I had a friend describe this weekend’s service as intense. I think that’s a good description of the entire weekend: intense.

This was the weekend of “Unwrap the Bible” with Women of Faith. I heard Beth Moore, Lisa Harper, Priscilla Shirer, Shelia Walsh & Christine Caine speak and worshiped with Kari Jobe leading. Intense would describe any one of these ladies individually. Pack them all together and the intensity is multiplied. God truly spoke this weekend. And, honestly, I’m worn out. I’m still processing all that I’ve heard over the past few days.

I’ve been going to conferences like these for years. It started with Youth Evangelism conferences in junior high and high school. In college, it was BSU conferences. After coming to Westland, I’ve attended several Arts Conferences. Add Women of Faith to the list. I had a kind of epiphany after this weekend: I’m not always encouraged after the conference is over. I really enjoy them. I really respect the speakers. And there’s always A LOT to learn. But too often, I come away feeling insignificant, not worthy and questioning my place in ministry. I know that’s not the intent or the purpose of any of these events. They are designed to encourage the attenders in ministry, to give additional training and ideas and to help encourage us to go out and stand strong in our Lord. But, my insecurities tend to kick in at full force when I walk out the door. I look at all of the talented and gifted people around me and wonder: “What am I doing here?”

In all honesty, the first time I felt the need to run away and hide instead of being encouraged to move forward was after an Arts Conference. I get included under the flag “artist” because of my singing. And I can sing and harmonize pretty well. It comes easily to me. But, I have NEVER considered myself an artist. My husband was an artist. He could write skits & plays. When he was on stage, I would forget it was Terry and be transported into the moment he was creating thru his acting. I sit in amazement and awe and friends that can just create music. They can write and transpose and mash songs together and make beautiful music. That’s being an artist. An artist creates. I only copy whats already been written. I recreate. I’m a musician and a singer. I have learned to nod my head and not to argue about the term artist, but it’s not a word I use for self-description. At this particular conference, they showed a video of Bill Hybels talking about artists. And he talked about how grateful he was for the artists in his church. And then he went on to talk about himself as a non-artistic person that works well with numbers and logic and planning. Any one that has been around me, knows that I’m a numbers person. I am a linear thinker. I work well with numbers and problem solving is like a game to me. I don’t know that I’ve ever admitted this. But, from that point forward, I’ve questioned where I should be serving.

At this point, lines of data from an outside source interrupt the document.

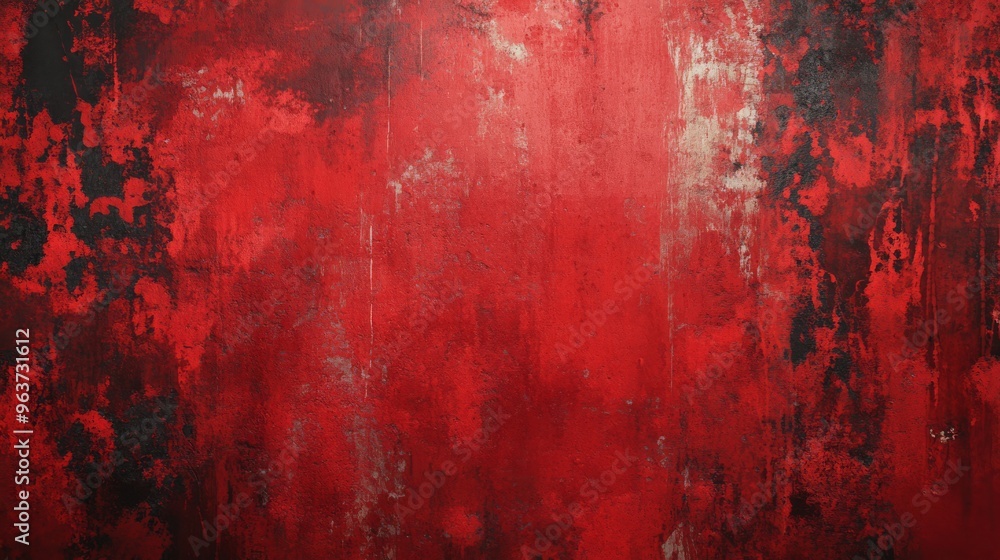 Poster this is a striking abstract background that features beautifully scratched bright red paint spread a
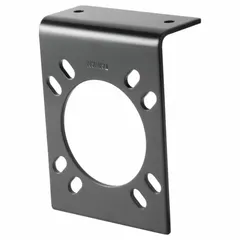 The CURT 7-Way Blade plug connects a tow vehicle's electrical system to a trailer, powering lights, brakes, and auxiliary functions. It is commonly used in fleet and vehicle maintenance for heavy-duty towing applications, ensuring reliable electrical connections for trailers, RVs, and equipment.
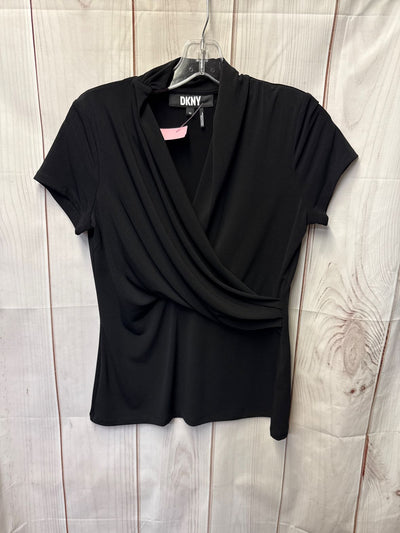 DKNY Women's Size M Petite Black Sleeveless Top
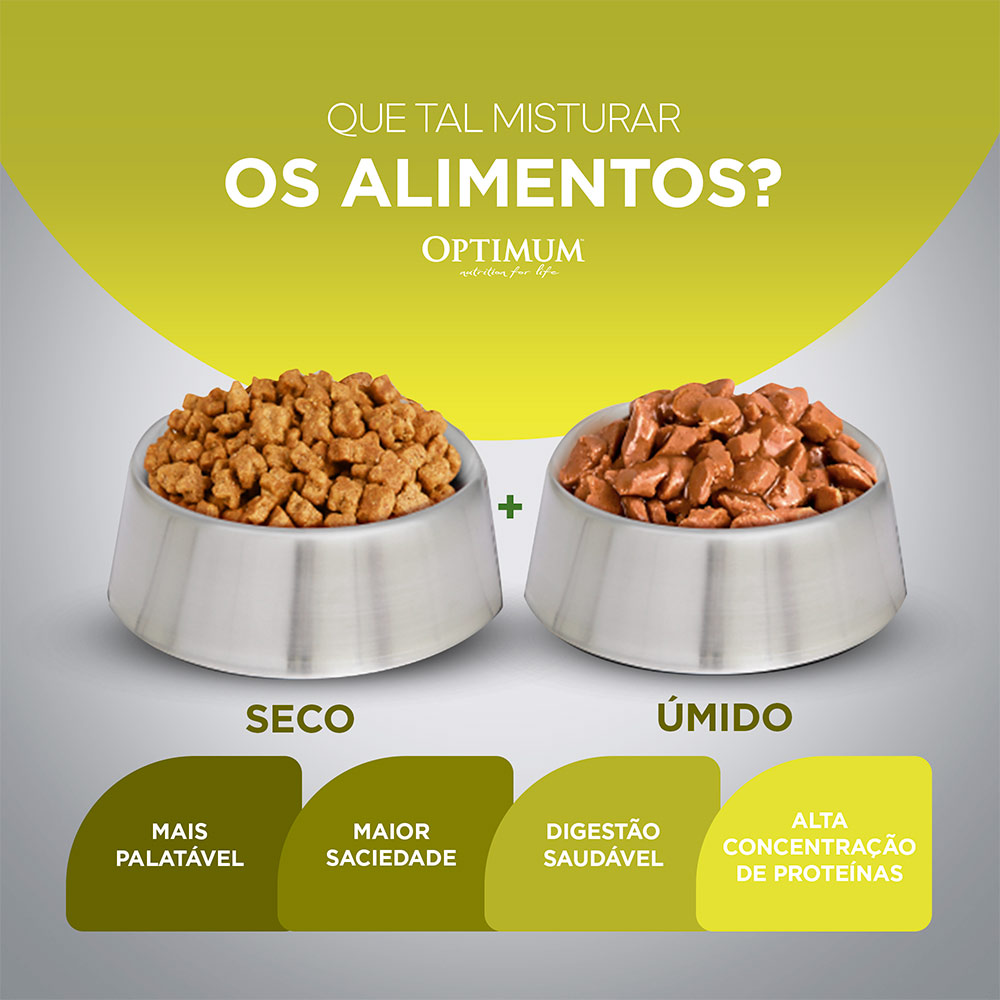 Ração Optimum para Gatos Adultos 1+ anos sabor Frango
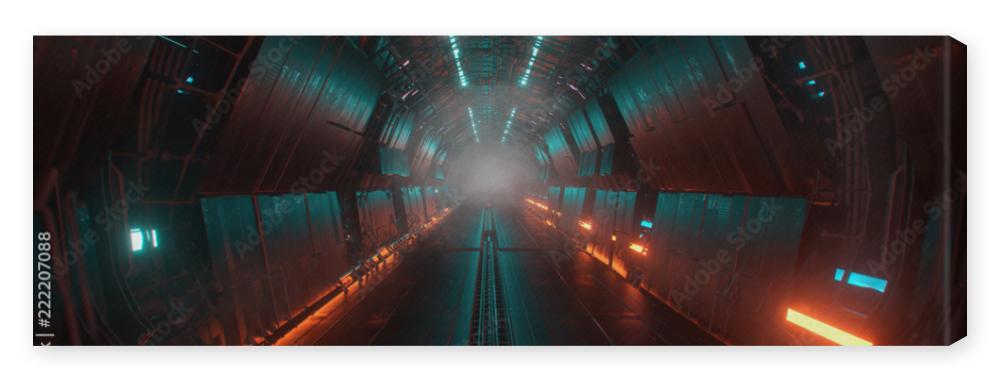 Obraz na płótnie sci fi tunnel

A few years later, I attended a Beth Moore simulcast conference at my church. Travis Cottrell was leading the worship in music. He began to talk about the different types of music and different issues that churches have with the musical style that we use. I can’t remember the exact words. But, I do remember going home that afternoon and emailing my music minister that I was going to take a break from the Praise Team at our church. There were a lot of things going on in my life at the time. My kids were super active in school and there never seemed to be enough time to do everything. I was having to choose between our weekly rehearsal or attending my kids football, volleyball, basketball, wrestling or track events. Anytime I missed one of my kids events, I felt guilty. And I began to resent practicing during the week, to only seemingly rework everything on Sunday morning. Our music minister was very kind and encouraged me to sing even if I missed rehearsals and I did that for a while. But, I didn’t feel it was fair to the others in the group to just show up on Sunday mornings. So, I said I was taking a break. But in reality, I was quitting and walking away. It would be five years before I ventured back into leading worship.

This weekend was great. The speakers were inspirational, the music spoke to my heart as only music can. I tried to turn off my analysis of everything and just be in the moment.
We were encouraged to believe that our God is a God of miracles. Nothing can stand in His way. We can do ALL things thru His strength and power. We are to stand in His abundance and strength, not stay bent over in our insecurities and fear. It all sounds so right. And then I walk out of the door and back into life, and those little voices start in on me once again. “How do you dare to stand up and try to lead others in worship?” “Who do you think you are? You’re too old and not nearly cute enough to stand in front of people.” “There are others that can do it so much better than you. They just haven’t found them yet.” “Nobody really loves you. They’re just being nice.” And, I struggle against the urge to throw in the towel and cut myself off from everyone.

There’s a danger in being open and vulnerable to hear the word of God. The enemy is waiting for any way to get in and twist things around. When I’m at my most vulnerable, it is too easy to begin to doubt and to listen to the negative self-talk I’m so good at. I’m trying to squelch the negative chatter. I have wonderful friends that remind me that I am valuable and loved. I continue to struggle with self-doubt. I know that God is in control of everything. He can use me wherever He needs me. So, I continue to pray daily for His direction and guidance. I’m not going to quit going to conferences. But, I am going to work on accepting the teaching and encouragement I receive to stand strong and move forward.